I had a rough few weeks with my boyfriend. I don't think I could ever forgive him or make anymore excuses for the way he has been to me. Getting back together seems very unlikely now and I will explain why. He called me up today, which isn't unusual, cause after our no contact period, we have reestablished contact. We are each other's best friend. We had decided to take a break with the intention of getting back together. We just had a lot going on and the stress was getting to us. He needed some therapy to get over things in his past, and I was dealing with the stress of work, school and my dad's third heart attack. He admitted to me that three weeks ago, during our no contact, he had a one night stand with another woman. She is now calling him telling him that he is three weeks pregnant, which is very unlikely since he had chemo not to long ago, and he had his sperm tested and they said, the chances are very low for him to conceive.
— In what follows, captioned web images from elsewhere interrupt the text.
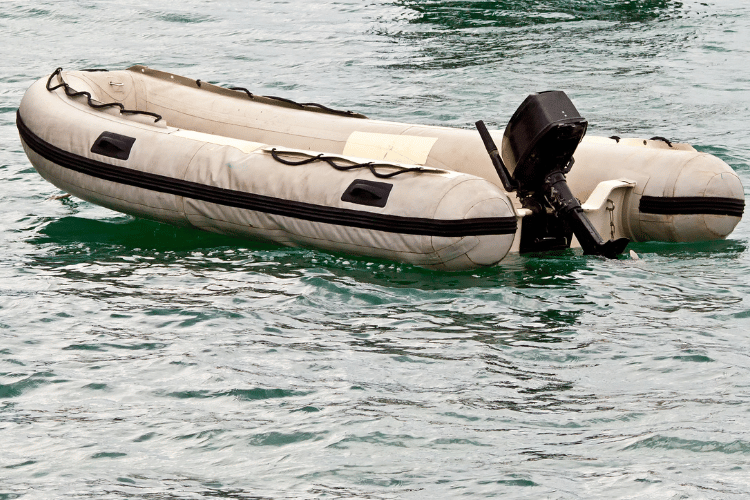 An inflatable boat on water with nobody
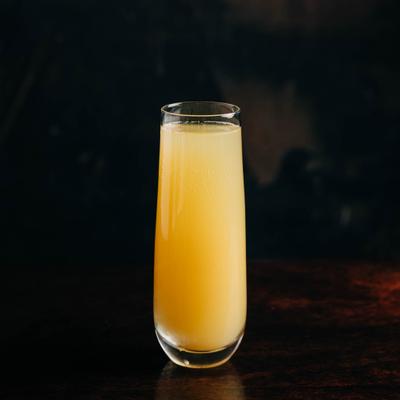 A glass of mimosa on a dark wooden table.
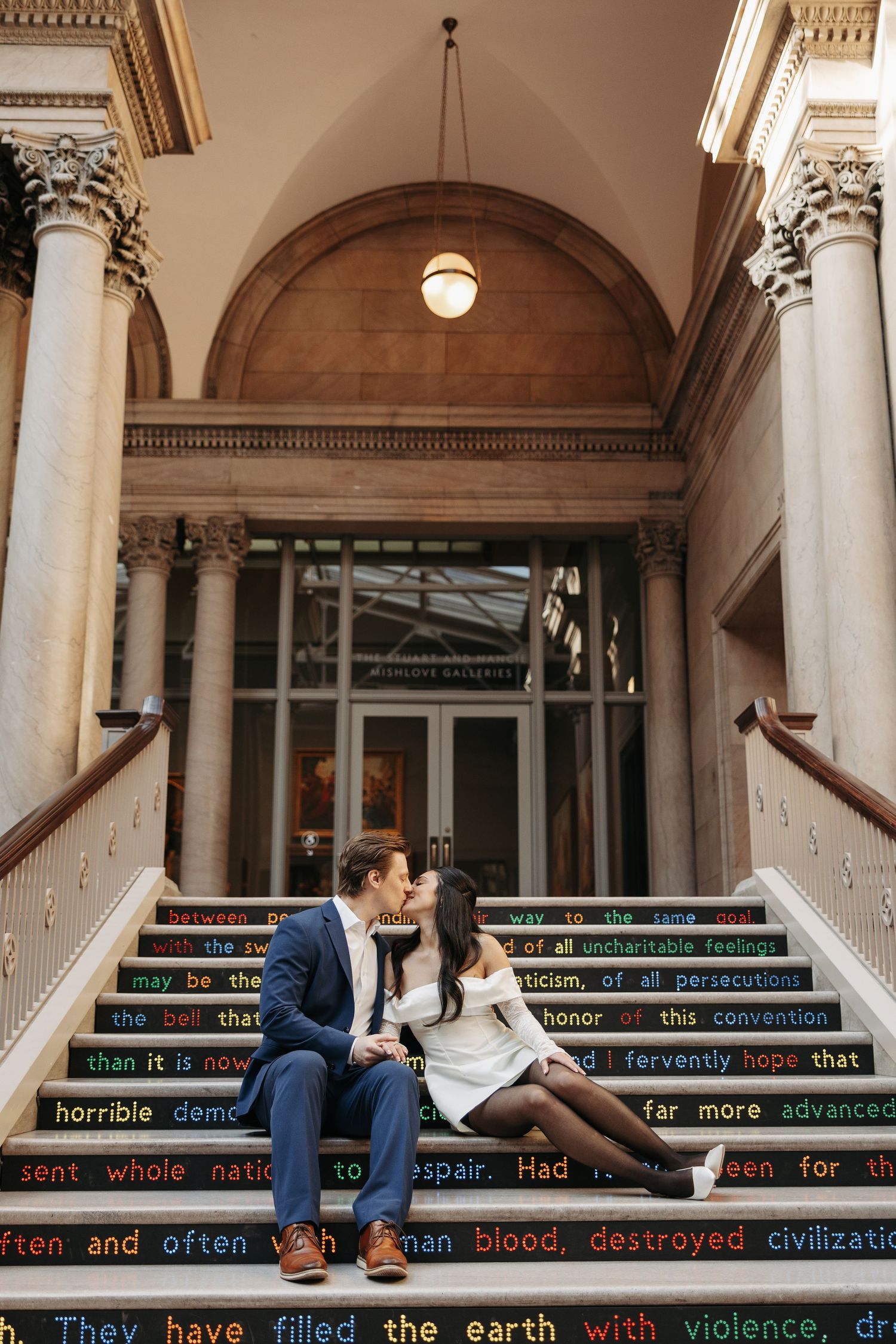 Couple sitting on steps in an elegant building interior with classical architecture and columns.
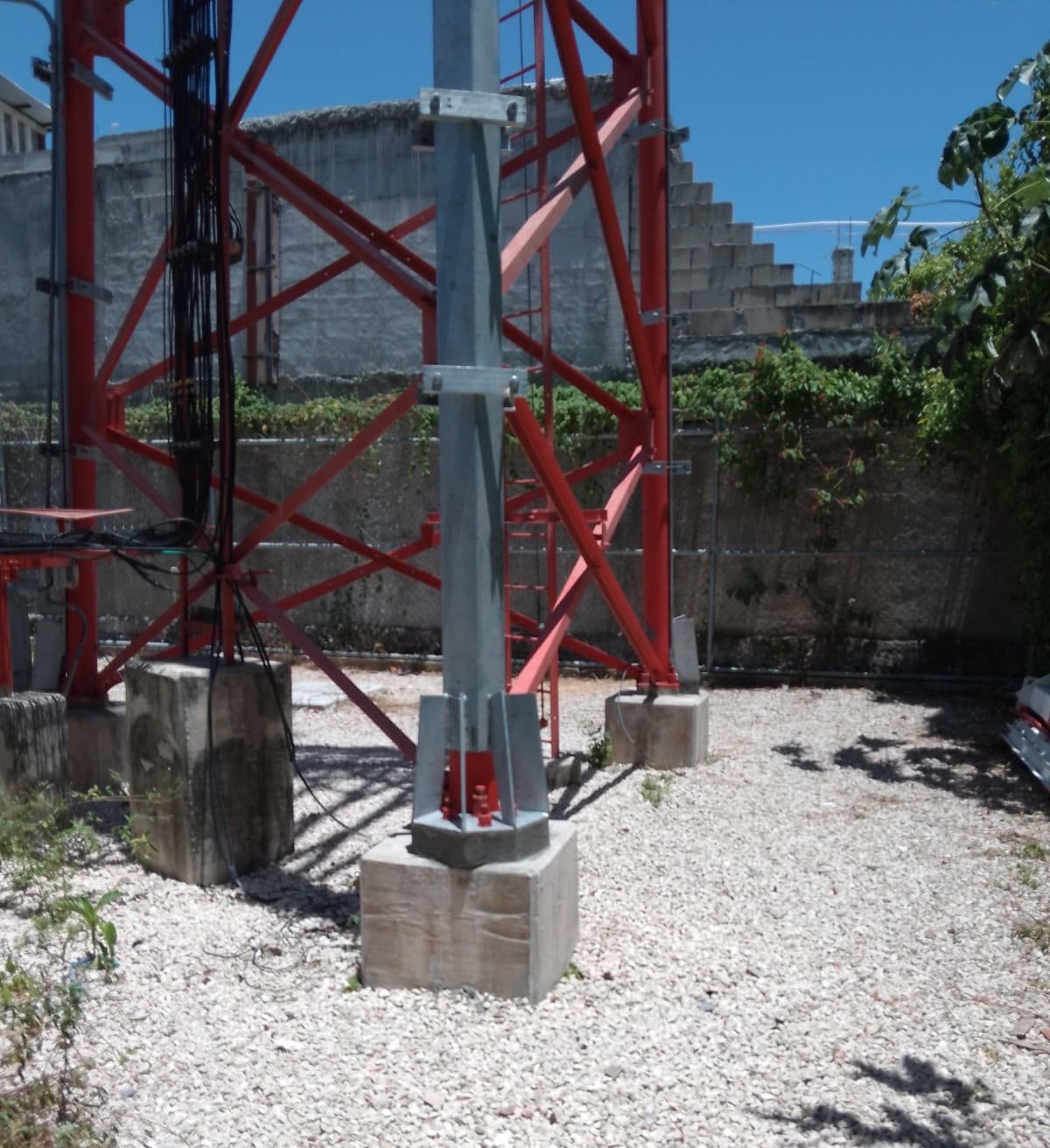 Montante de acero galvanizado del refuerzo apoyado sobre una zapata de concreto nueva, junto a los apoyos originales de la torre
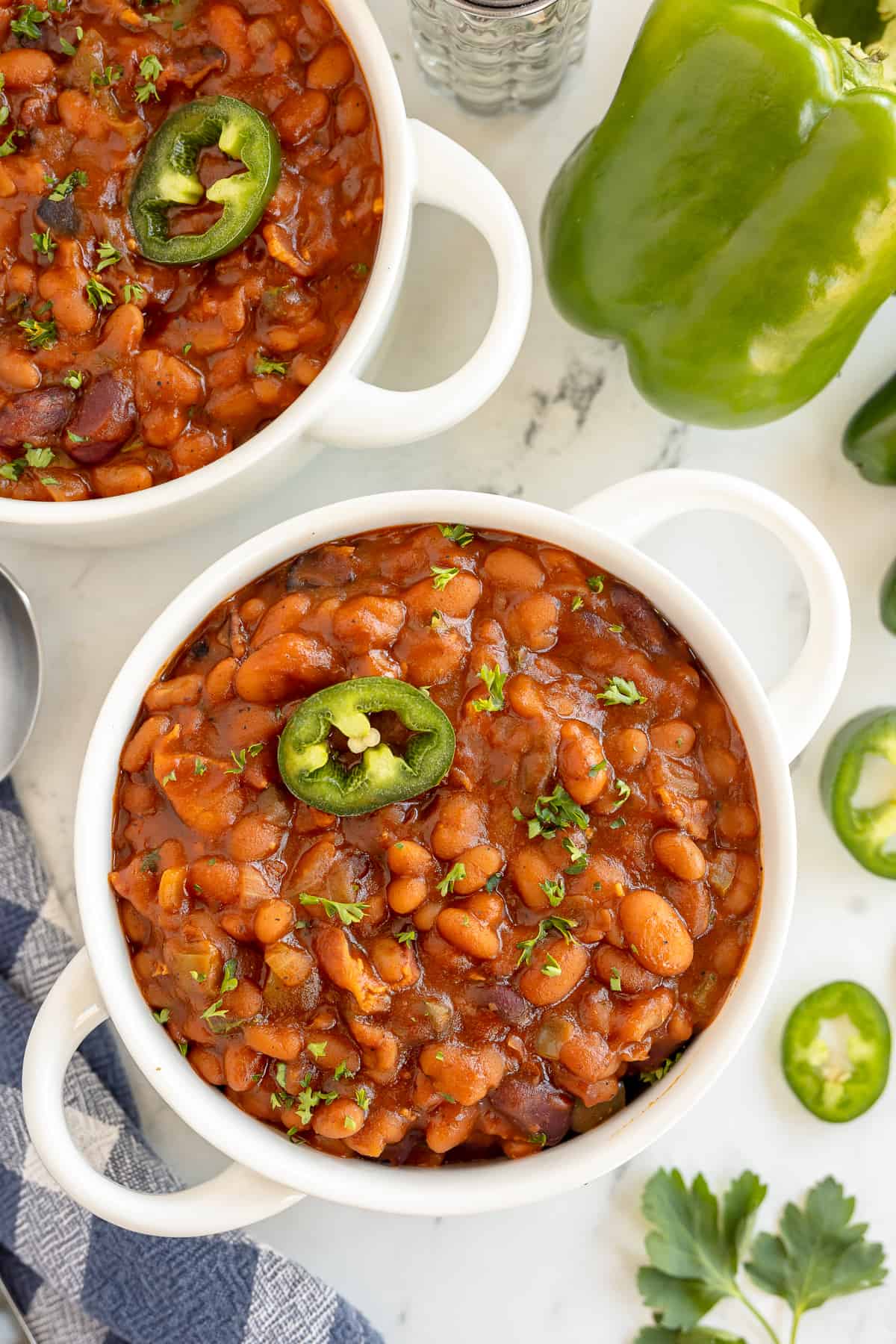 Baked beans with jalapeno in white handled bowls.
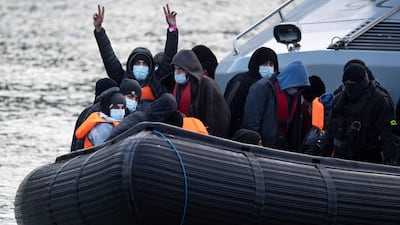 Migrants on board a UK border vessel after being picked up in the English Channel. AFP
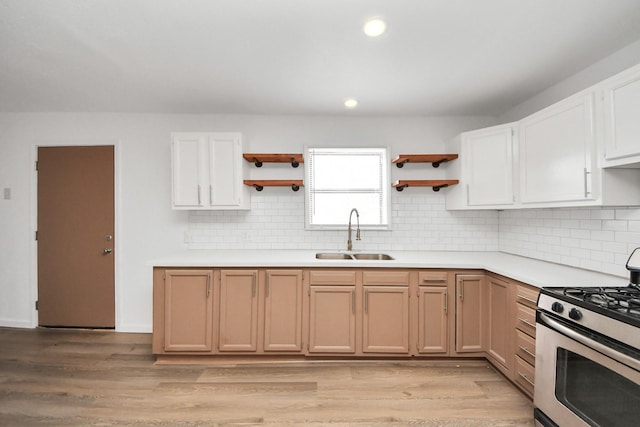 kitchen featuring sink, stainless steel gas range oven, light wood-type flooring, decorative backsplash, and white cabinets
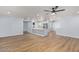 Spacious living room and kitchen featuring modern appliances, wood floors, recessed lighting, and neutral colors at 10839 W Peoria Ave, Sun City, AZ 85351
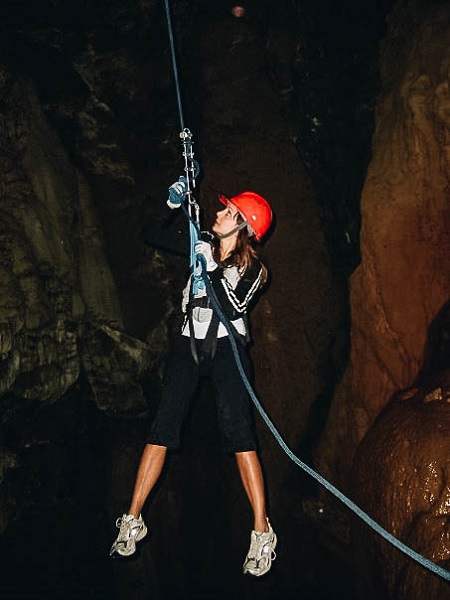Annette Rappeling into a Cave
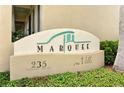 Close-up of the 'Marquee en Ville' sign at 235 Cocoanut Avenue with lush landscaping at 235 Cocoanut Ave # 108B, Sarasota, FL 34236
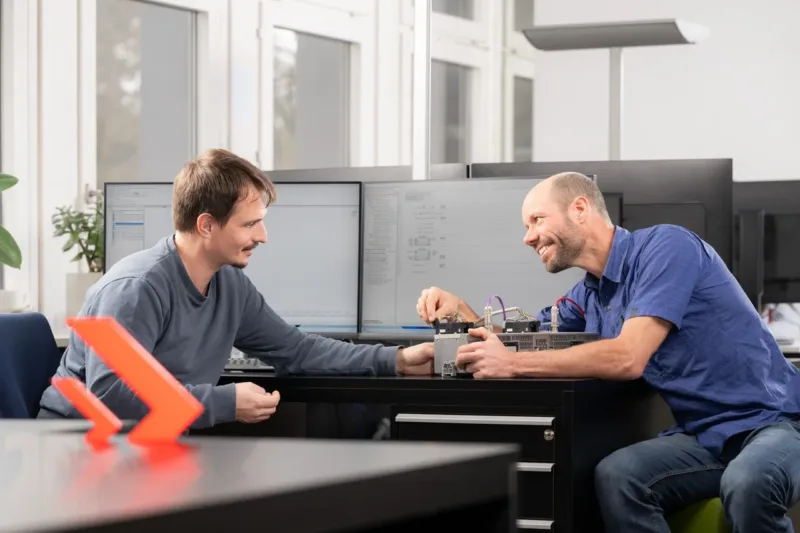 Teamwork bei Enotrac. Ein erfahrener Enotrac Mitarbeiter zeigt einem jüngeren Mitarbeiter etwas.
We had never used protection and I am healthy and have never been pregnant. This hurts me a lot naturally since we did have the intention of getting back together. I am going to move on with my life, but I was just wondering, where are the boundaries of forgiving someone and moving on? When would you ever forgive a cheating partner? Only if kids are involved?

Posted

Forgiveness isn't compulsory.

 

It is an option that some people choose and some reject.

 

Its worth noting that premature forgiveness can make people feel worse.

 

Its different from person to person.

 

You'll find out whats best for you, by listening to what you are saying to yourself.

 

Take good care of yourself.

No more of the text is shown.